To celebrate Valentine’s Day, GLAAD asked three of its campus ambassadors to recall their milestone smooches. In the video above, they describe experiences ranging from “very liberating” to “hilarious.”
Rosemary Mulvey of New York’s Ithaca College says in the clip that her first kiss with another woman took place at a party.
“There was more to my identity than being bisexual or straight. I was actually a queer woman,” she says. “It was a pretty big wake-up call for me, because I realized that I really wasn’t happy in a relationship with a man.”
The University of Washington’s Andre Menchavez felt similarly.
“Being gay, for me, was always something that was seen as a question or a phase,” he says in the video. “But that first kiss really solidified that I was gay, and it made me comfortable with that label.”
The average age for a first kiss among LGBTQ people is 17 years old, roughly two years later than heterosexual people, GLAAD points out.
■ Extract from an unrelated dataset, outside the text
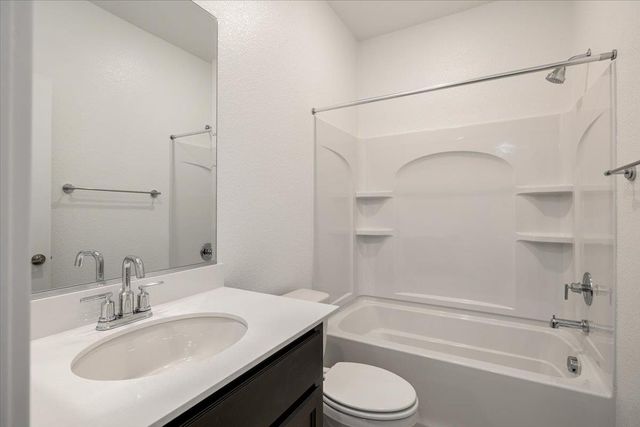 3363 Apollo Ct, Folsom, CA 95630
In other cases, young queer people may have been kissed someone before but find their first LGBTQ kiss to be a more important moment.
“When their first LGBTQ kiss happens, it’s validation of all the time that went into feeling secure in their identity,” GLAAD officials wrote in a blog post.
The video, released Wednesday, is part a new digital series called “amp” that is aimed at elevating LGBTQ youth voices.